### THE TASK:
When a record contains an image, skip the image and retype the rest of that record exactly.

### GIVEN INFORMATION:

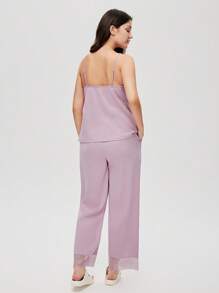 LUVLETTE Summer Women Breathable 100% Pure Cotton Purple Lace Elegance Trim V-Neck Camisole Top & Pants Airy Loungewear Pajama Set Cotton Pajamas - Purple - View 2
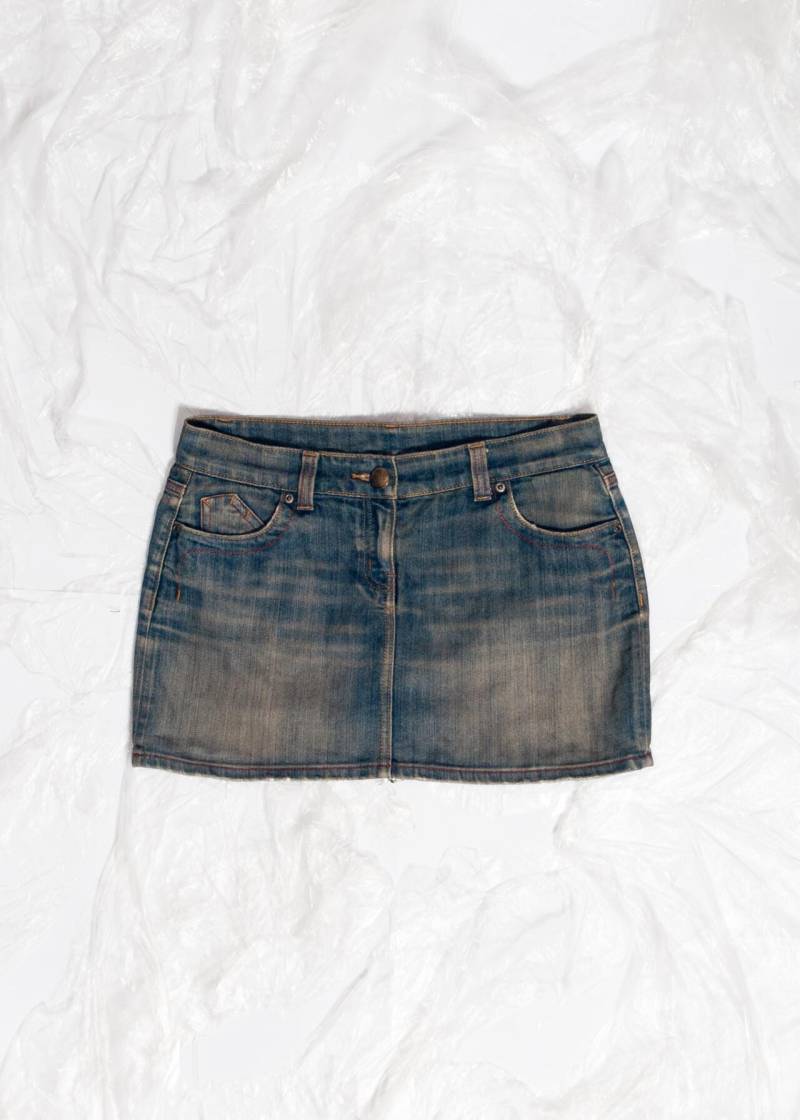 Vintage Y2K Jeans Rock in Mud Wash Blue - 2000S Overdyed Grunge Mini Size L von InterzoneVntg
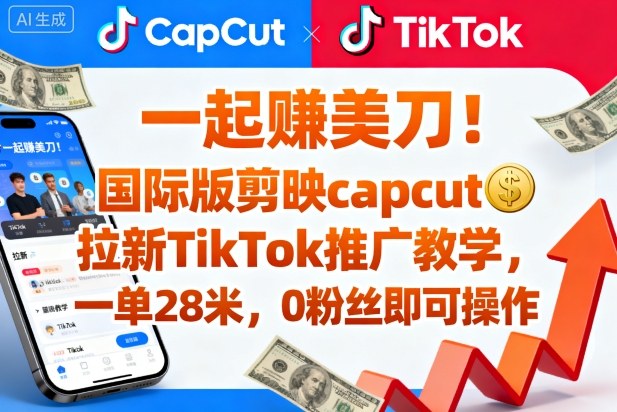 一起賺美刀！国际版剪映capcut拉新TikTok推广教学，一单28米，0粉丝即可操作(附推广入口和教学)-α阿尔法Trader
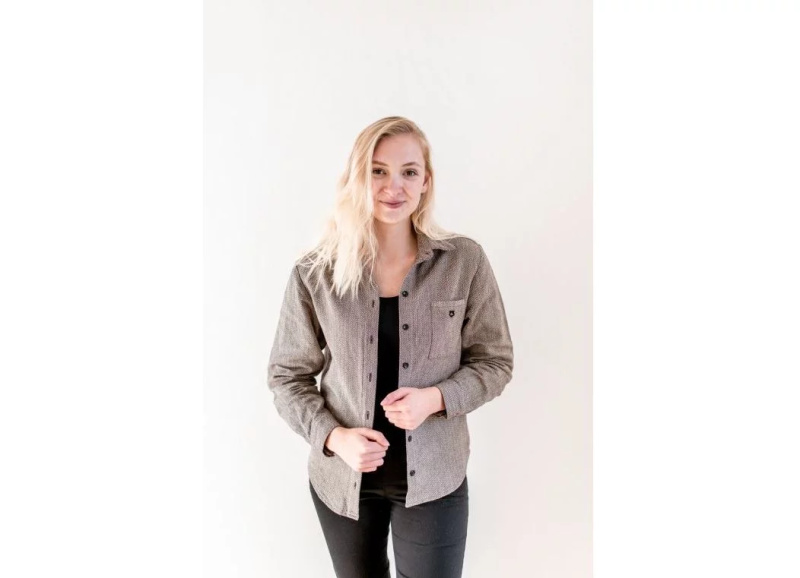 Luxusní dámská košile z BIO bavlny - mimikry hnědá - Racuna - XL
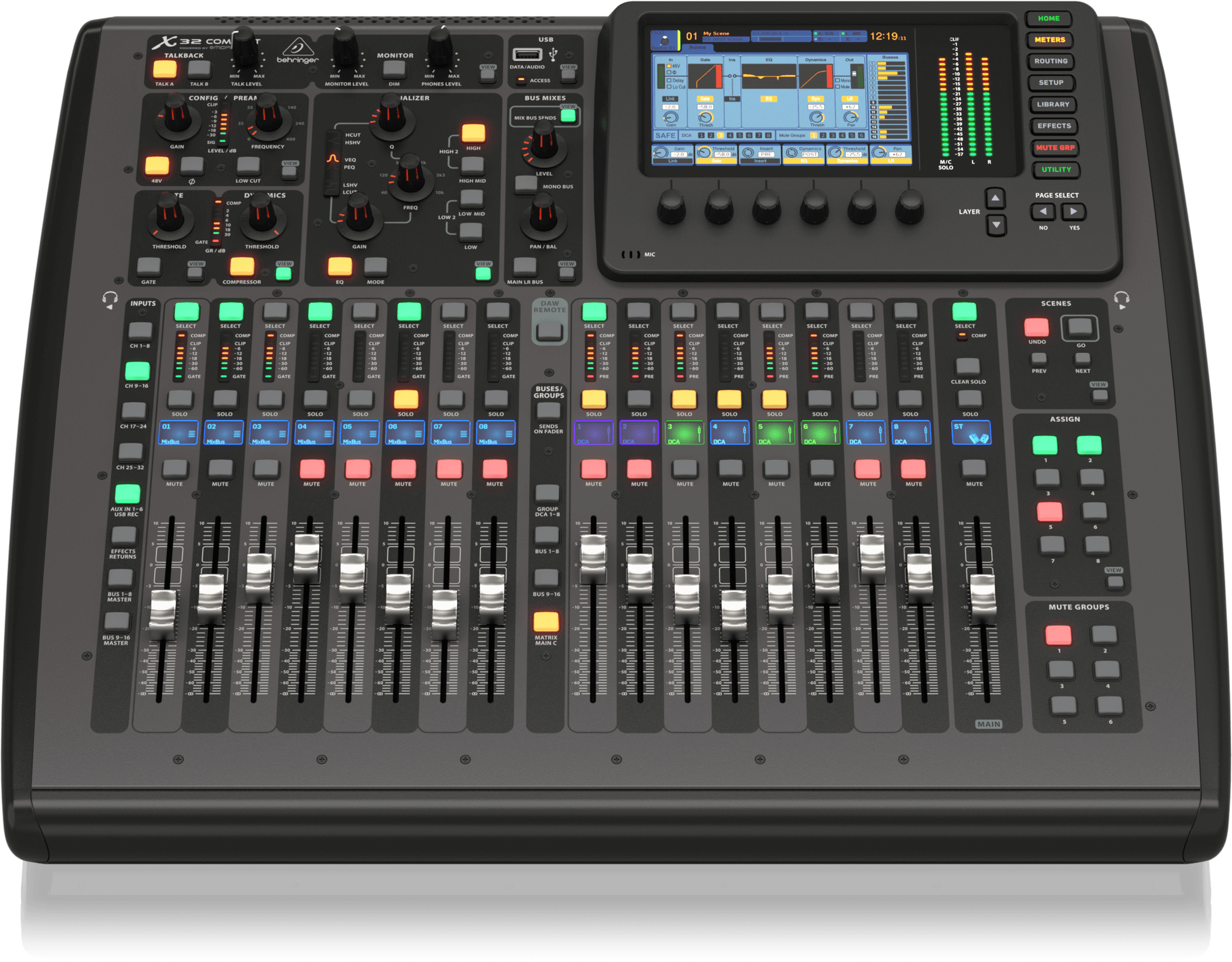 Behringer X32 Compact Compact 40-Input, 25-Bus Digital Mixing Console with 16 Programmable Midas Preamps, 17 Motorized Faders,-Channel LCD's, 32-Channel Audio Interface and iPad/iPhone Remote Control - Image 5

### RESULT BELOW:
 LUVLETTE Summer Women Breathable 100% Pure Cotton Purple Lace Elegance Trim V-Neck Camisole Top & Pants Airy Loungewear Pajama Set Cotton Pajamas - Purple - View 2
 Vintage Y2K Jeans Rock in Mud Wash Blue - 2000S Overdyed Grunge Mini Size L von InterzoneVntg
 一起賺美刀！国际版剪映capcut拉新TikTok推广教学，一单28米，0粉丝即可操作(附推广入口和教学)-α阿尔法Trader
 Luxusní dámská košile z BIO bavlny - mimikry hnědá - Racuna - XL
 Behringer X32 Compact Compact 40-Input, 25-Bus Digital Mixing Console with 16 Programmable Midas Preamps, 17 Motorized Faders,-Channel LCD's, 32-Channel Audio Interface and iPad/iPhone Remote Control - Image 5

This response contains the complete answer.